I also mixed batches of shellac by using ground dewaxed flakes mixed with Everclear, but I’ve done all this before so at this point it’s no biggie. But I did use nicer bottles this time. I made 2 pound cuts of various tints, and will dilute to 1 pound or less when I get to the French polishing stage.
The true start of Mopus was when I started working on the guitar mold. The mold determines the shape of the guitar body, in this case a standard OM. It is important to me that I make the mold myself, rather than buying one, giving me a lot of flexibility in the future. Besides, as they say, “if you can’t make the mold, you can’t make the guitar”. In the process I did run into issues using a router to trim plywood. I wound up making an impromptu router table, otherwise I could have easily lost some fingers. I need those fingers.

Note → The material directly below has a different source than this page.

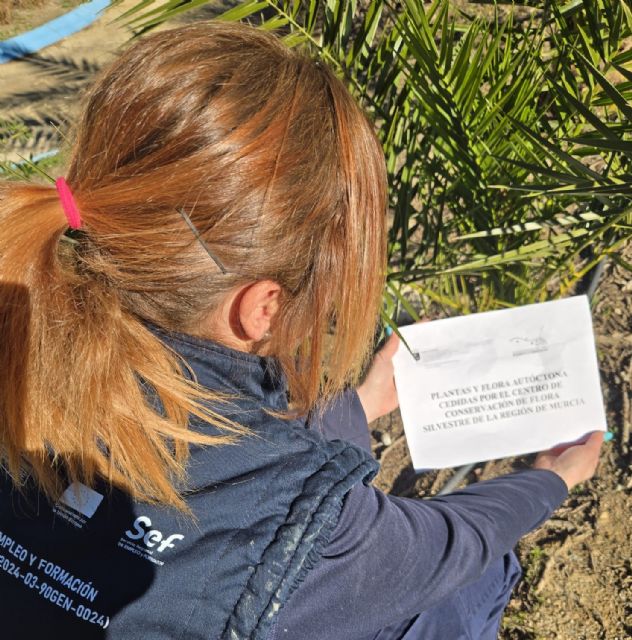 Puerto Lumbreras disfruta de más de medio millar de nuevas plantas en jardines y espacios verdes gracias al Centro de Conservación de Flora Silvestre de la Región - 2, Foto 2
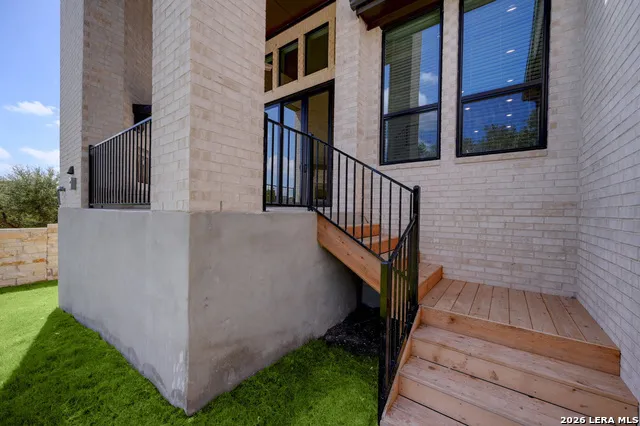 141 BIGTOOTH MAPLE LN San Marcos, TX 78666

Finally it’s time to work on some real wood! The first step is to prep the rosewood sides. These come as a book-matched set, but they are way too thick to use as is. Making them a uniform ~0.1″ thickness poses some real challenges (unless you have a thickness sander, which I don’t). I did some rough thicknessing with a Safe-T-Planer and a jig I made for this purpose almost 2 years ago. At the time I thought I was preparing to make another acoustic, but then wound up taking a 3 electric guitar detour. And now two years later, my Safe-T-Planer setup is finally being taking out for a spin.
After rough thicknessing, quality time was spent with scrapers. This takes a great deal of effort, and I still have more to go. And after this, I have to do the same thing (only more so) for the back. It does help to have good and correctly sharpened scrapers, and I’m getting better prepping and using them. So I do have some hope.
I tried out a new random orbit sander to do some additional smoothing. I love this thing! I should have gotten one of these long ago.